_Work task_. Reprint all records below exactly. No images.

_Records for the exercise_.
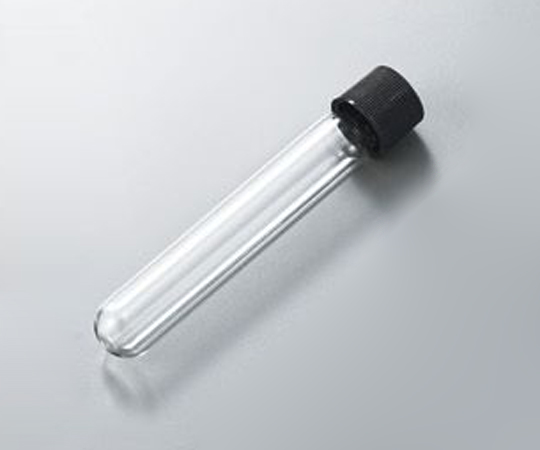 4-565-03 ネジ口試験管 10mL 250本入 STS10Rアズワン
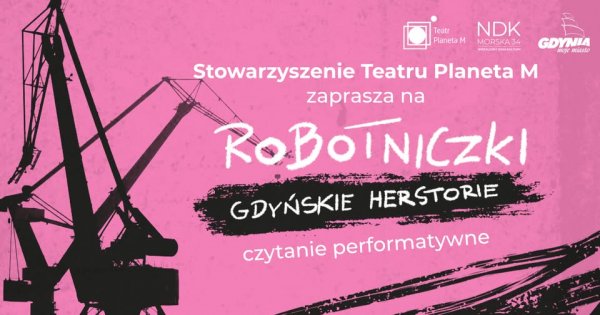 Gdyńskie herstorie. O kobietach w męskim świecie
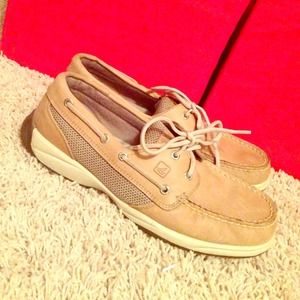 Brand new Sperry Top-Siders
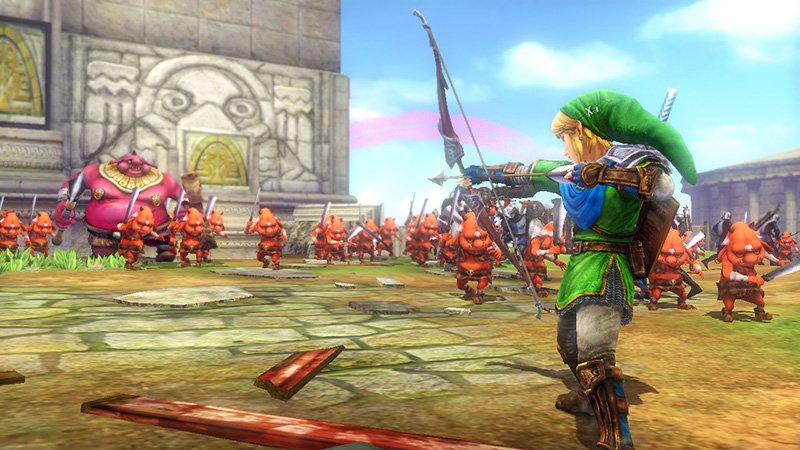 Hyrule Warriors - Captures 5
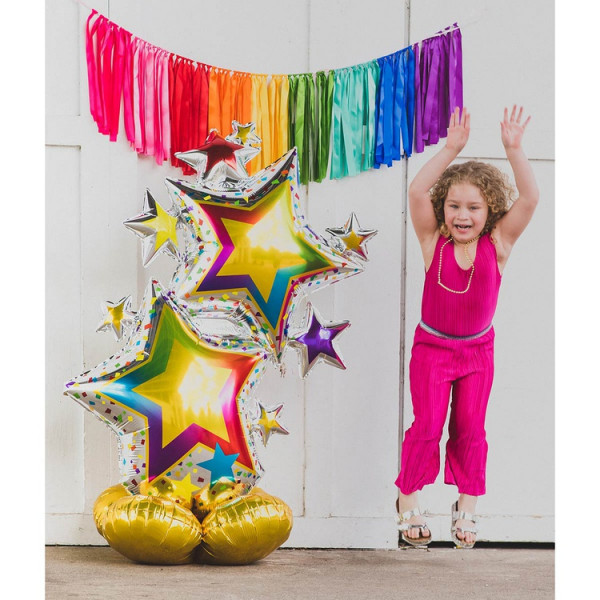 Шары на День Рождения: Как создать неповторимую атмосферу праздника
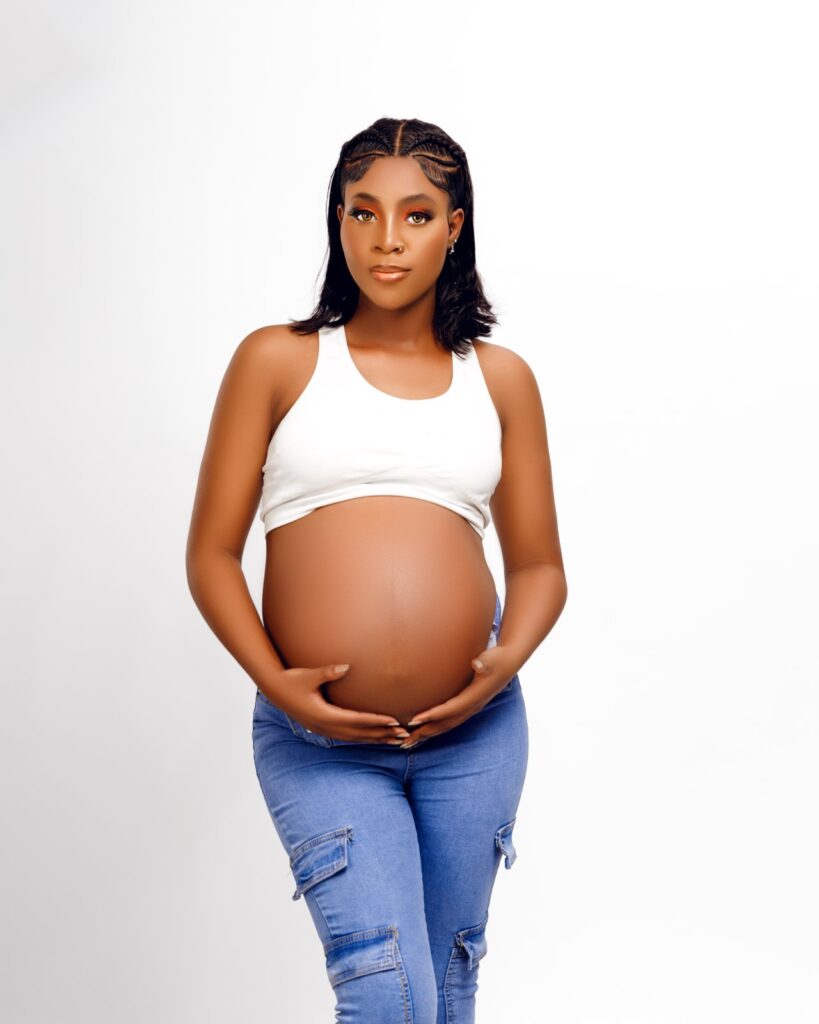 A.S.K Studios Baby Bump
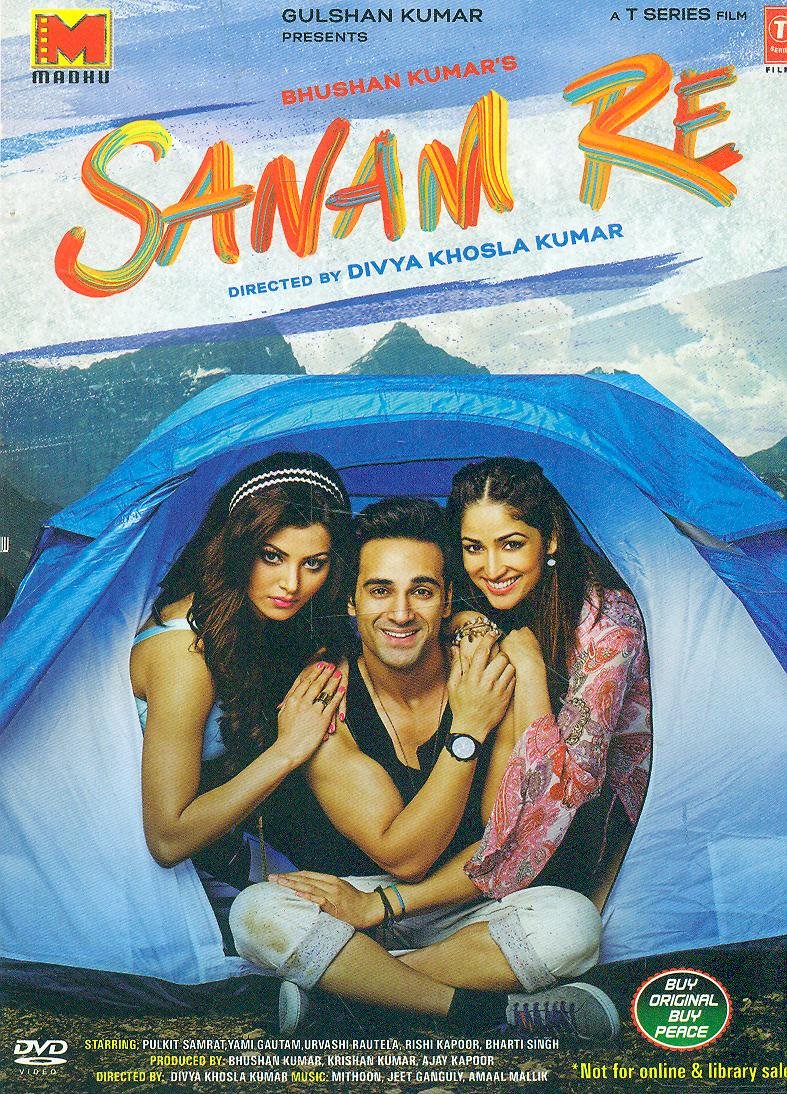 sanam re sanam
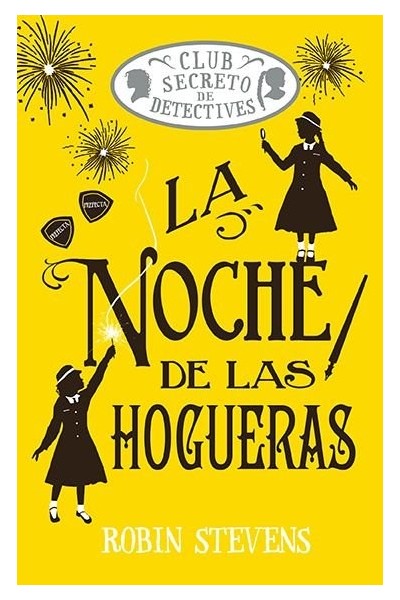 LA NOCHE DE LAS HOGUERAS COZY MYSTERY JUVENIL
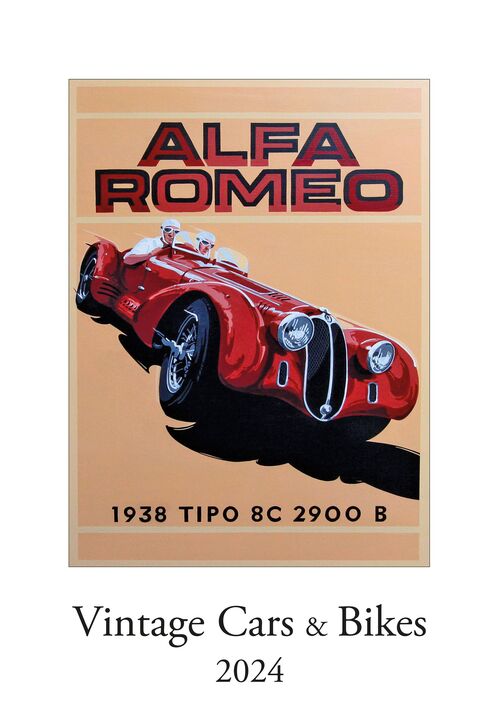 Calendar, Large
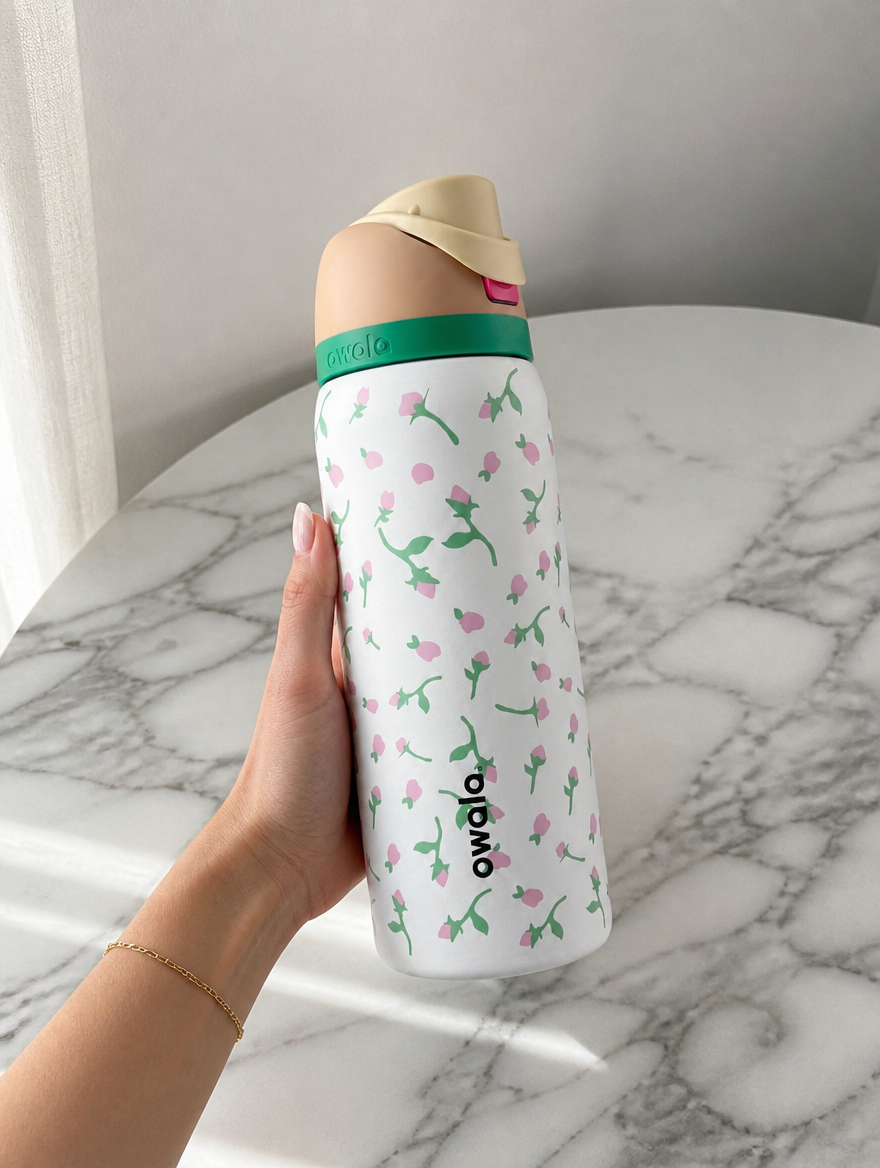 Owala FreeSip 32oz: Graphic Series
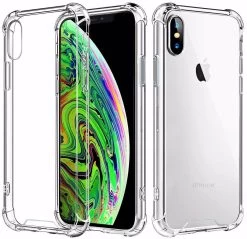 Clear Shockproof Case Cover For Apple IPhone 8 8 PLUS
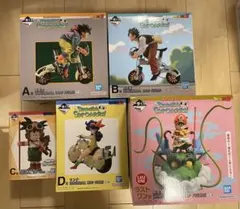 2025年最新】 DRAGONBALL SNAP COLLECTION ラストワンの人気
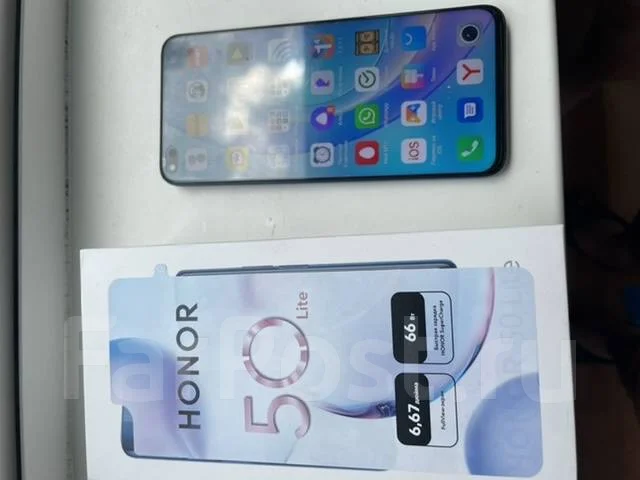Honor 50 Lite. �/�, ����� ����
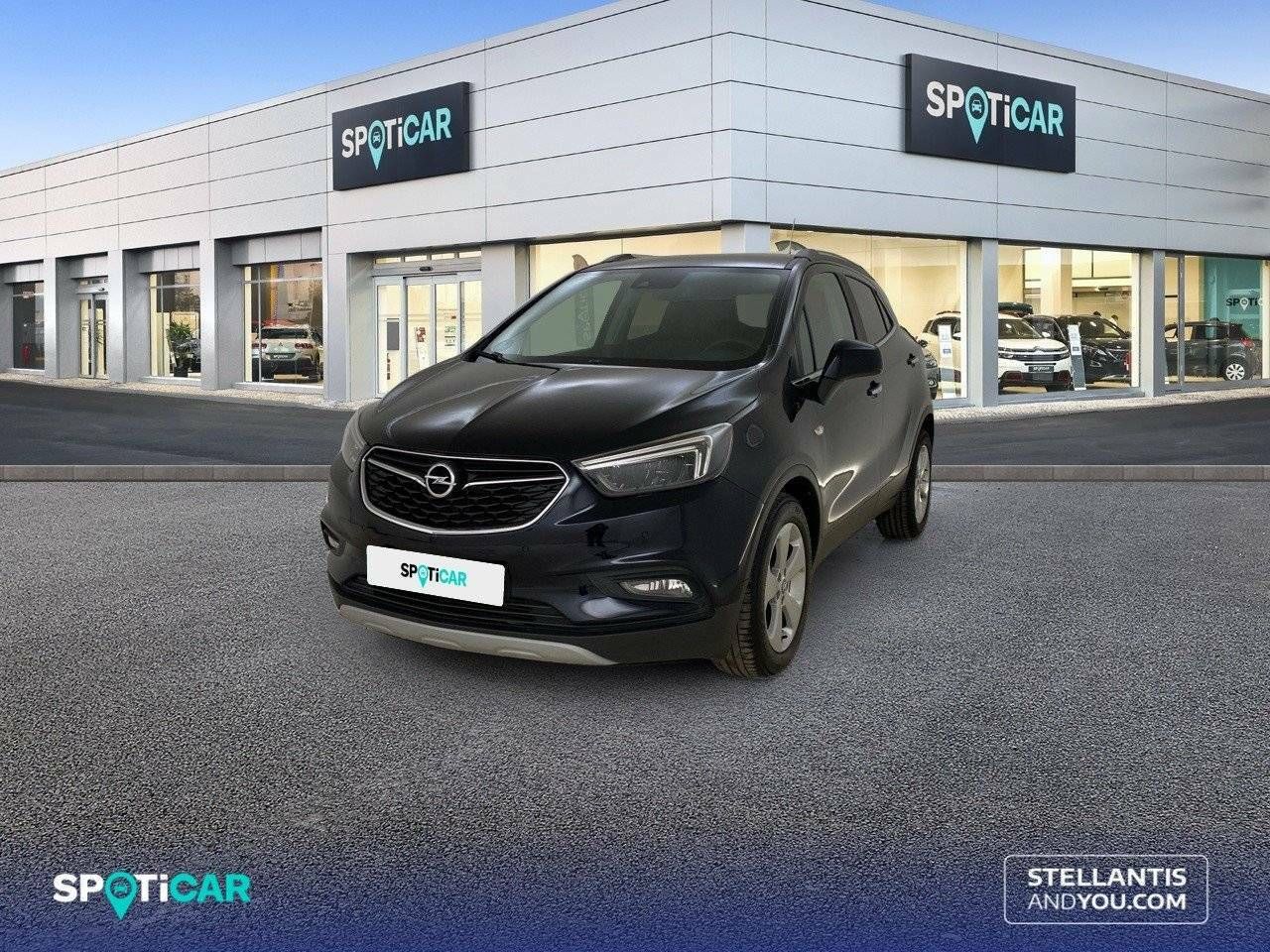 Foto opel mokka x 2019 /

_Response for this exercise_.
 4-565-03 ネジ口試験管 10mL 250本入 STS10Rアズワン
 Gdyńskie herstorie. O kobietach w męskim świecie
 Brand new Sperry Top-Siders
 Hyrule Warriors - Captures 5
 Шары на День Рождения: Как создать неповторимую атмосферу праздника
 A.S.K Studios Baby Bump
 sanam re sanam
 LA NOCHE DE LAS HOGUERAS COZY MYSTERY JUVENIL
 Calendar, Large
 Owala FreeSip 32oz: Graphic Series
 Clear Shockproof Case Cover For Apple IPhone 8 8 PLUS
 2025年最新】 DRAGONBALL SNAP COLLECTION ラストワンの人気
Honor 50 Lite. �/�, ����� ����
 Foto opel mokka x 2019 /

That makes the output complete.